Taproom

Cucumber Gin Bloody Mary

Whistling Andy’s cucumber gin engages juniper, cardamom, coriander, lemon, orange and grapefruit botanicals

By Lido Vizzutti
A Bloody Mary made with Whistling Andy Cucumber Gin and adorned with assorted garnishes. Lido Vizzutti

The Bloody Mary is nearly void of rules.

It is touted as a morning drink, a hair-of-the-dog beverage to ease the sting of night-before revelry. Its imbibing, however, easily glides from brunch to the afternoon and into the evening.

It is a clean slate for improvising with not only ingredients — spicy, not spicy, salty, more horseradish or less citrus — but also garnish. Garnishes range from the stylish celery and lemon wedge to the garish peppers, cheeses and cured meats.

Every backyard barbecue “best Bloody Mary” recipe in existence, however, must adhere to two truths: a spirit and tomato juice.

The origins of the Bloody Mary (however muddled) are acknowledged as coming from Paris with the introduction of Russian vodka to tins of tomato juice from the United States. Ferdinand “Pete” Petiot was heading up Harry’s American Bar in Paris in the 1920s when it’s theorized that he first mixed the ingredients together for American expats. Most importantly, he is credited with the addition of spices and seasoning that propelled its popularity.

After Prohibition, Petiot became barman at the King Cole Bar of the St. Regis Hotel in New York. There he introduced patrons to the Red Snapper, a cocktail of vodka, tomato juice, citrus and spices.

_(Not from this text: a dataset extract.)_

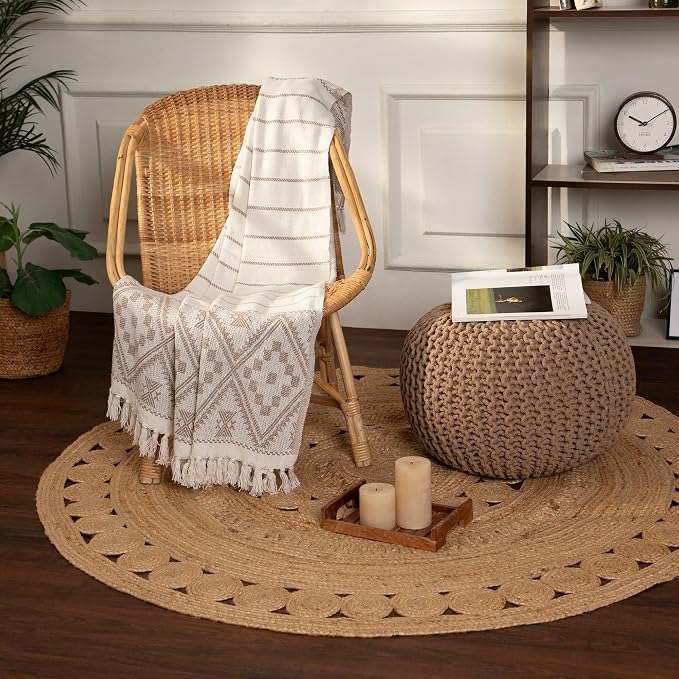 REDEARTH · Round Pouf Ottoman - Image 4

Some retellings say that the name Bloody Mary was objectionable to the hotel’s owner, Vincent Astor, who mandated the name change. Others suggest the name change also reflected the switch from vodka to gin, as vodka was not readily available in the U.S.

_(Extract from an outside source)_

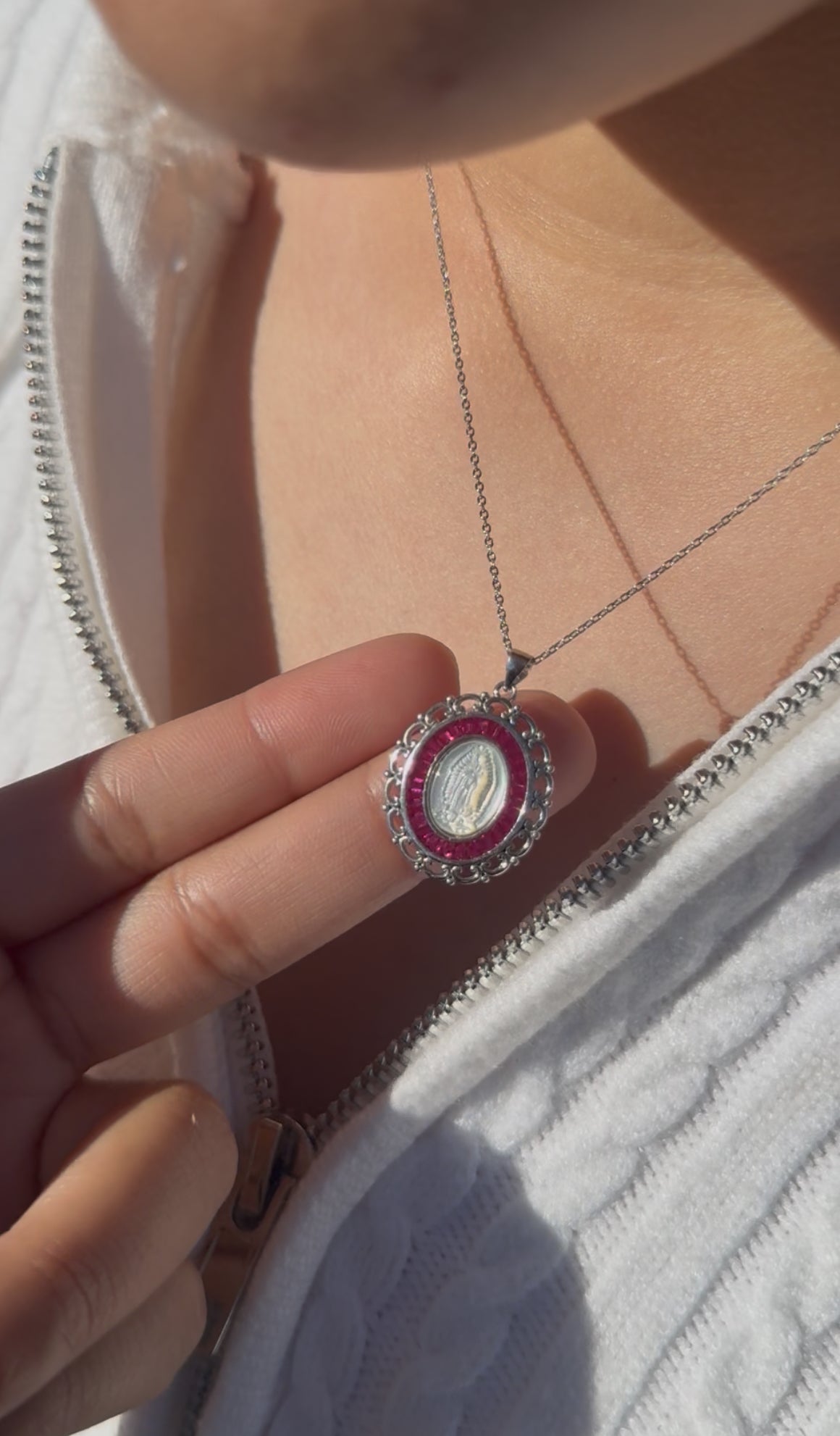 Mother of Pearl Virgin Mary Necklace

Whatever the catalyst, the Bloody Mary (or Red Snapper) crossed a delectable line from a vodka drink to a gin drink — and now a recipe can be found for a cocktail using just about every spirit imaginable.

 “Bloody Marys are normally pretty robust and have a big body to them. I feel like vodka gets lost in that,” said Brian Anderson, owner and distiller at Whistling Andy Distilling in Bigfork. “The cucumber gin elevates it. It really helps bring out the citrus notes.”

Whistling Andy’s cucumber gin engages juniper, cardamom, coriander, lemon, orange and grapefruit botanicals along with a healthy amount of cucumber.

“It has bright and fresh citrus notes with a subtle cucumber back to it,” Anderson said. “We found that the citrus really kind of brightens and lifts the cucumber out.”

 “I’m a firm believer that gins, unless you’re going for an Old Tom style, should be really light and bright and beautiful,” he added.

Gin certainly adds a layer of complexity to the traditional Bloody Mary mixer. The botanicals and (cucumber in this case) play well with the salt, the sour and umami that mystify in a Red Snapper. 

“I think subtlety is really beautiful when it’s done well,” Anderson said. “When things are in balance, you can’t really pull out one specific thing. There’s a little bit of mystery to it when it’s done well.”

Whistling Andy Distilling is located at 8541 Mt Hwy 35, Bigfork. It can be reached at (406) 837-2620 or marketing@whistlingandy.com. 

Recipes

Whistling Andy’s Cucumber Gin Bloody Mary

• 1 oz. Whistling Andy cucumber gin

• 1/2 oz. Worcestershire

• 1/2 bar spoon Tabasco

• 1/2 bar spoon horseradish

• 3 shakes celery salt

• 1 bar spoon olive juice

• 3-4 oz. tomato juice

Fill a Collins glass with ice, add all ingredients and transfer to a metal shaker. Half rim the Collins glass with salt. Transfer back to rimmed glass. Garnish with your favorites.

Classic Bloody Mary Recipe

• ½ tsp. lemon juice

• 2 oz. vodka

• 4 oz. tomato juice

• 2 dashes Tabasco

• 2 tsp. horseradish

• 2 dashes Worcestershire

• 1 pinch celery salt

• 1 pinch pepper

• 1 pinch paprika

Add ingredients in an ice-filled shaker. Shake lightly and serve.